• _Work item_
Transcribe the data exactly, stopping after the "Nickelodeon Psi Patrol" line.

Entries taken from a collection

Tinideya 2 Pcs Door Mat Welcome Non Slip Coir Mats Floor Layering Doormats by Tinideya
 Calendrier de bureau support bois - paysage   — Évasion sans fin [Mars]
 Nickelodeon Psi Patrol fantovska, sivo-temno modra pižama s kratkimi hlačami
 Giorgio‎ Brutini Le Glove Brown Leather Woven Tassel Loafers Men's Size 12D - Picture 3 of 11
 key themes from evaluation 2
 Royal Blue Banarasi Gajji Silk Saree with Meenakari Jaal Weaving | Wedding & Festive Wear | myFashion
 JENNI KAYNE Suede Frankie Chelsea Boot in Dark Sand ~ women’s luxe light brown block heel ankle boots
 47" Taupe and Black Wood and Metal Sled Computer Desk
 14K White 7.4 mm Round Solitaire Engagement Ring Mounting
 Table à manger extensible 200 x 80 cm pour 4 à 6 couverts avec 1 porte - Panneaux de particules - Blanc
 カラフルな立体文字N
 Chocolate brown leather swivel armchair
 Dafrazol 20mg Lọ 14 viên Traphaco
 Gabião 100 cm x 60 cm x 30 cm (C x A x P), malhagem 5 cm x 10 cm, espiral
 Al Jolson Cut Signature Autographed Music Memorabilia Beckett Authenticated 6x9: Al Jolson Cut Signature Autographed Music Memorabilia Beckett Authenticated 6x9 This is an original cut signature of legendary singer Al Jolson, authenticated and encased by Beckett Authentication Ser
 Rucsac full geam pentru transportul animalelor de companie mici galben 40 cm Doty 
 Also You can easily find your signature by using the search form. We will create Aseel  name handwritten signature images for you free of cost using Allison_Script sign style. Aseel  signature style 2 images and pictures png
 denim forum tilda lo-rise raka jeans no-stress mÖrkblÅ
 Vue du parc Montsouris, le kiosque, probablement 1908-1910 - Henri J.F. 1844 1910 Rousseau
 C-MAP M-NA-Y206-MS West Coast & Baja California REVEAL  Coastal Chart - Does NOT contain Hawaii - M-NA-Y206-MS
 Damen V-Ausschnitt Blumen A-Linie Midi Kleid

• _Output below_
Tinideya 2 Pcs Door Mat Welcome Non Slip Coir Mats Floor Layering Doormats by Tinideya
 Calendrier de bureau support bois - paysage   — Évasion sans fin [Mars]
 Nickelodeon Psi Patrol fantovska, sivo-temno modra pižama s kratkimi hlačami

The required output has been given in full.